The RNA scaffold also contains a sequence that can bind to another mRNA sequence that acts as a trigger. When this target mRNA sequence is detected, the toes release the grip and the blocked mRNA is translated into protein. This mRNA can encode any gene, such as a fluorescent reporter molecule. The fluorescent signal provides researchers with a way to visualize whether a target mRNA sequence has been detected.

In a new study, researchers attempted to create a similar system that could be used in eukaryotic (non-bacterial) cells, including human cells.

Due to the more complex translation of genes in eukaryotic cells, it was not possible to import the genetic components used in bacteria into human cells. Instead, researchers used the system that the virus uses to hijack eukaryotic cells and translate their viral genes. This system is composed of RNA molecules called internal ribosome entry sites (IRES), which can mobilize ribosomes to initiate the translation of RNA into proteins.

“These are complex RNA folds that the virus has developed to hijack the ribosome because it needs to find some way to express the protein,” says Zhao.

Researchers started with IRES, which naturally occurs from various types of viruses, and designed them to contain sequences that bind to trigger mRNA. When an engineered IRES is inserted into a human cell prior to the transgene, it blocks translation of that gene unless the trigger mRNA is detected intracellularly. The trigger restores the IRES and allows the gene to be translated into a protein.

Targeted treatment

Researchers have used this technique to develop scaffolds that can detect a variety of different triggers in human and yeast cells. First, they showed that they could detect mRNAs encoding viral genes from Zika virus and SARS-CoV-2 virus. Researchers say one possible application for this could be to design T cells that detect and respond to viral mRNA during infection.

They also designed scaffolding molecules that can detect mRNAs of naturally occurring proteins in human cells that may help reveal cellular conditions such as stress. As an example, they have shown that they can detect the expression of heat shock proteins that cells make when exposed to high temperatures.

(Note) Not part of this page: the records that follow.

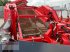 Kartoffelvollernter des Typs Grimme SELECT 200, Gebrauchtmaschine in Shrewsbury (Bild 17)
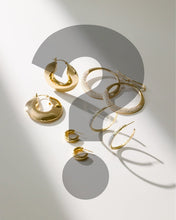 Load image into Gallery viewer, Earring Mystery Bundle &amp; Jewelry Case
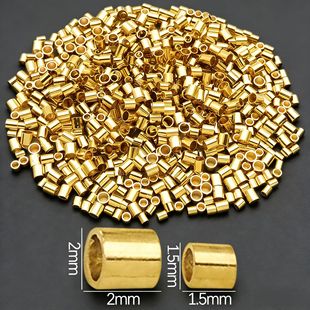 ��ɫ��λ����β��diy�Ʒ�����λ��ɊA��̶�䓽z�~��������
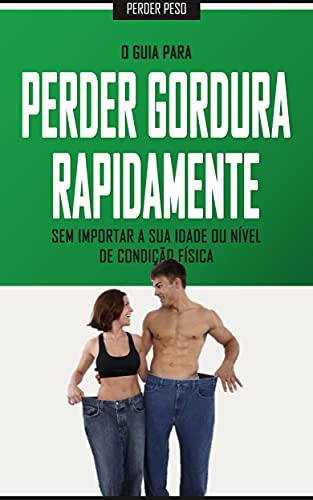 Capa do livro: QUEIMAR GORDURA ABDOMINAL: Como se livrar da gordura rapidamente e conseguir um ventre plano, sem importar a sua idade ou condição física - Ler Online pdf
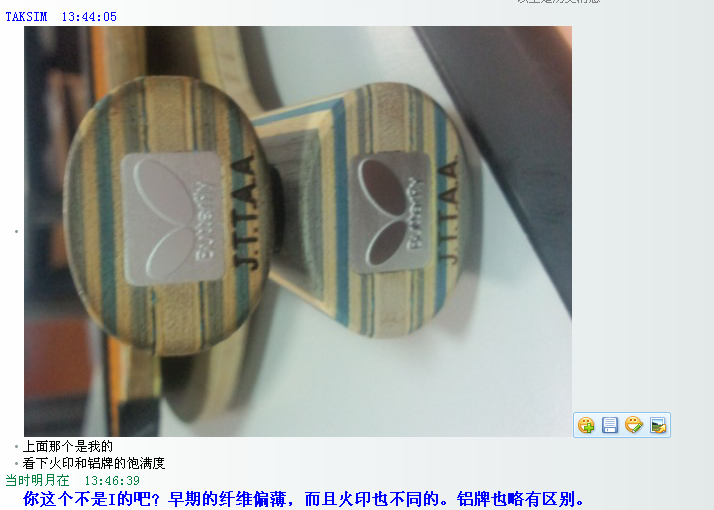 ��������뻺ɾ��������������º����������ҷ������Լ��Ŀ�������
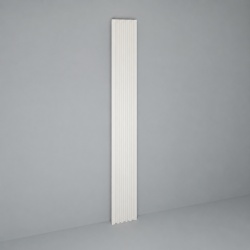 Corp pilastru exterior PT04.5A-40x3x200cm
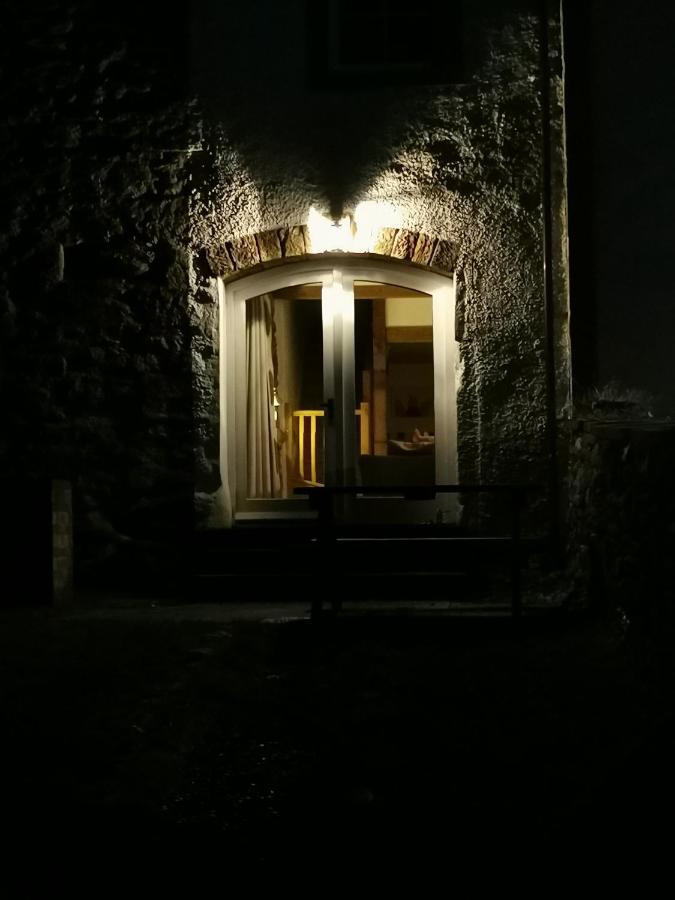 Rainors Farm Cottage Gosforth  Екстер'єр фото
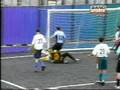 VBJ- Campeão da Mega Society 2005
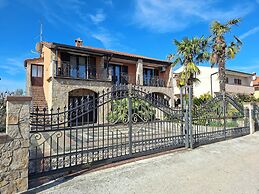 Apartments Marlina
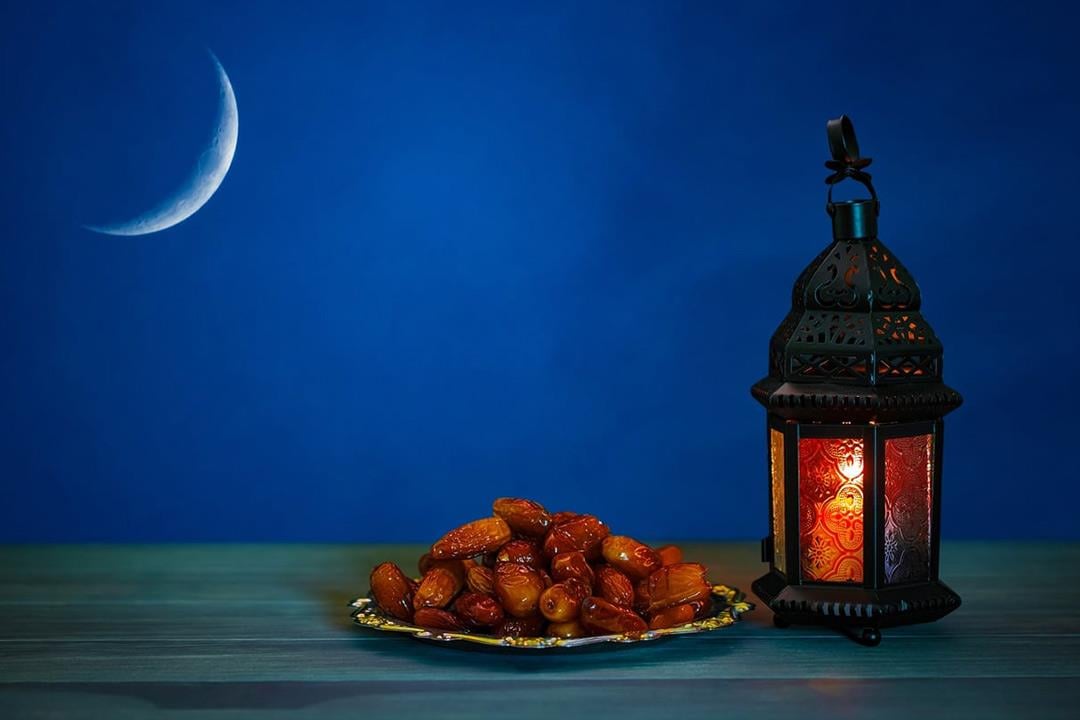 كيف تجعل جسمك مستعد غذائياً لصيام رمضان؟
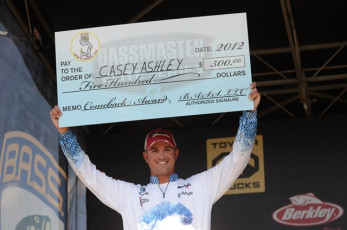 5B1CC7C7-F2E1-41E1-A57D-E6084B3B5EB0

Finally, researchers have shown that cancer cells can be identified by manipulating scaffolds that detect mRNA for tyrosinase, an enzyme that produces excess melanin in melanoma cells. This type of targeting allows researchers to develop treatments that induce the production of proteins that initiate cell death when cancerous proteins are detected intracellularly.

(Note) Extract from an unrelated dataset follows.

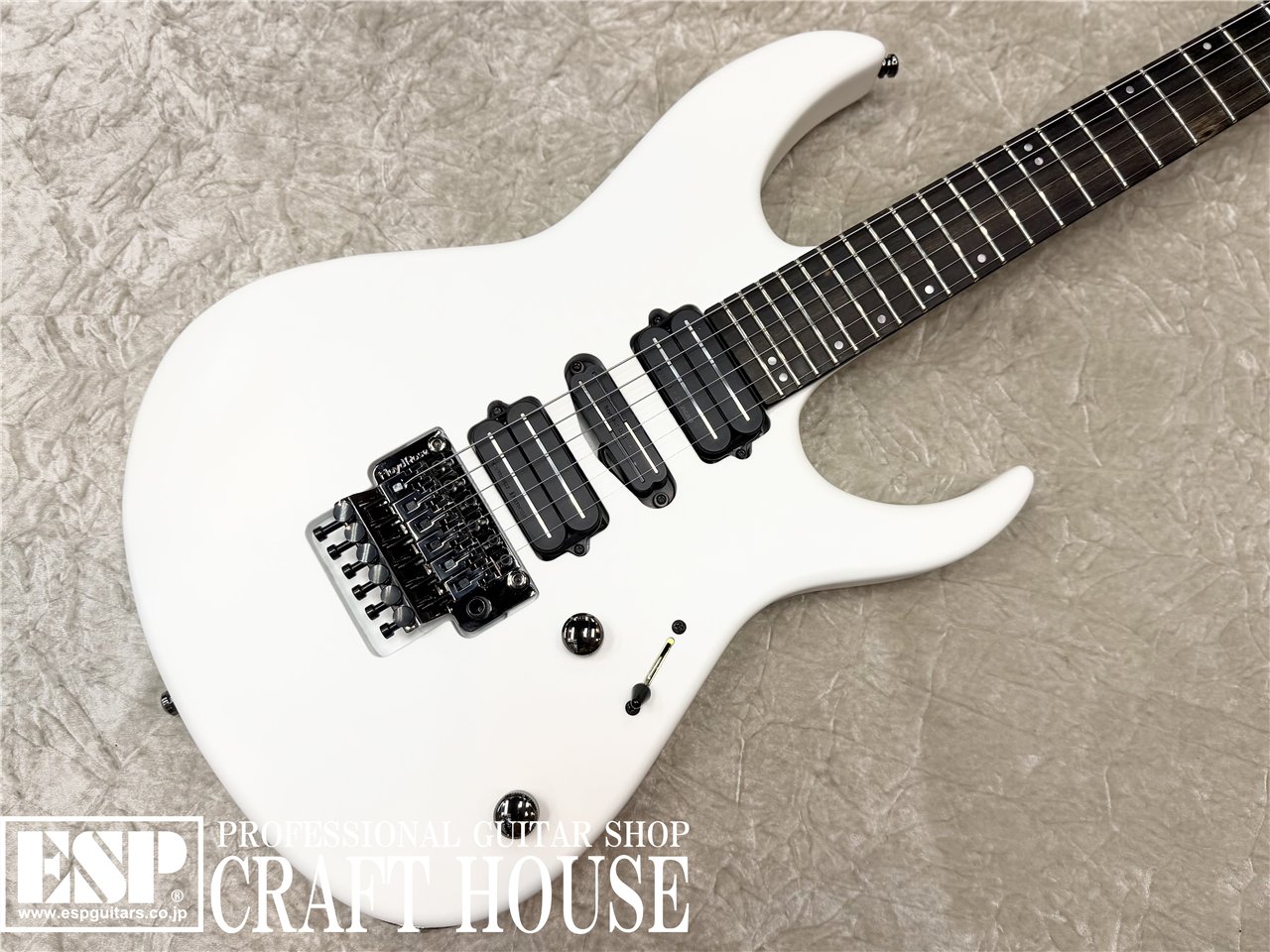 【新製品・即納可能】EDWARDS E-CY / Snow White Satin 渋谷店 - 2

“The idea is that we can target our own RNA signatures to deliver therapeutics,” says Mao. “This may be a way to limit the expression of biomolecules to target cells or tissues.”

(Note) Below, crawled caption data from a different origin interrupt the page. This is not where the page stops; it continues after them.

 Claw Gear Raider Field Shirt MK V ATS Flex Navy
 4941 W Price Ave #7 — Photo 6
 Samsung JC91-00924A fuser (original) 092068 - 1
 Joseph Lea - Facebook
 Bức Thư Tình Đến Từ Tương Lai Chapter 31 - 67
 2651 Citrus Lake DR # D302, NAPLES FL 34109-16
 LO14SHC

This new technology represents “a conceptual breakthrough in controlling and programming the behavior of mammalian cells,” said ETH Zurich’s professor of biotechnology and biotechnology, who was not involved in the study. Martin Hussenegger said. “This new technology sets new standards for processing human cells to sense and react to viruses such as Zika virus and SARS-CoV-2.”

All studies performed in this paper were performed on cells grown in the laboratory dish. Researchers are currently working on a delivery strategy that will allow the RNA components of the system to reach target cells in animal models.

This study was funded by BASF, the National Institutes of Health, the Takeda Pharmaceutical Company Award for Gastrointestinal Diseases, Inflammatory Bowel Disease, and the Schmidt Science Fellow Program.